Prince Harry's intrepid Arctic adventure is finally poised to get under way.
The 26-year-old was due to leave the Norwegian island of Spitsbergen on Friday with a group of wounded servicemen aiming to walking to the North Pole.
But their departure was put on hold because of dangerous winds around where they will land - Borneo Ice Airfield - about 200 miles from the North Pole, where the airstrip is being built.
The team was due to move out on Sunday afternoon but the airfield was still not ready. The group is scheduled to leave at 4pm (3pm GMT) on Monday.
Gales at the Arctic airstrip delayed the building of the runway, then winds in Murmansk were blowing in the wrong direction for a heavily loaded supply plane to take off.

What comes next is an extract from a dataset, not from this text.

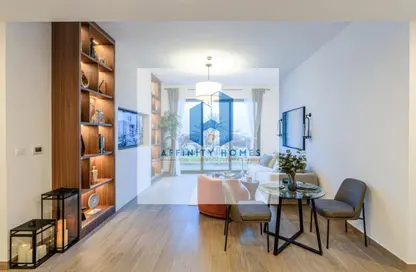 Apartment - 2 Bedrooms - 2 Bathrooms for sale in Aria On The Park - Town Square - Dubai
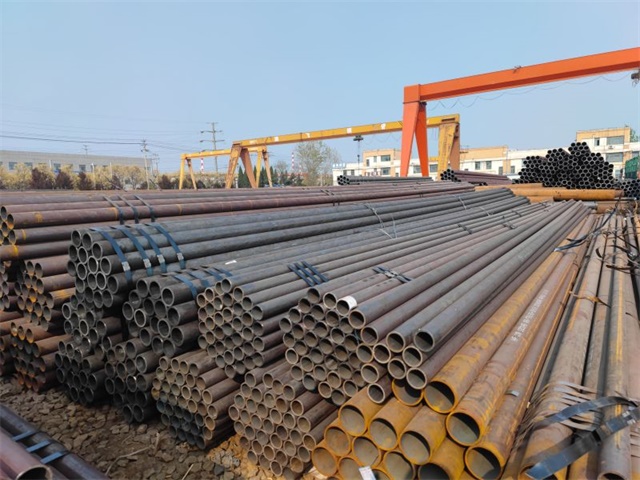 云南10号无缝钢管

The third-in-line to the throne has been on the island since Tuesday, training and bonding with the servicemen who aim to raise £2 million for the Walking With The Wounded charity.
The delays mean Prince Harry will only have three nights on the ice, rather than the planned five days, as he will be collected on Thursday and return home to fulfil military commitments - an important stage of his Apache helicopter training.
The wounded soldiers all sustained their injuries fighting in Afghanistan. Captain Martin Hewitt, 30, from Cheshire, was left with a paralysed right arm after being shot and Captain Guy Disney, 29, from Oxford, was hit by a rocket propelled grenade (RPG). His right leg was amputated below the knee.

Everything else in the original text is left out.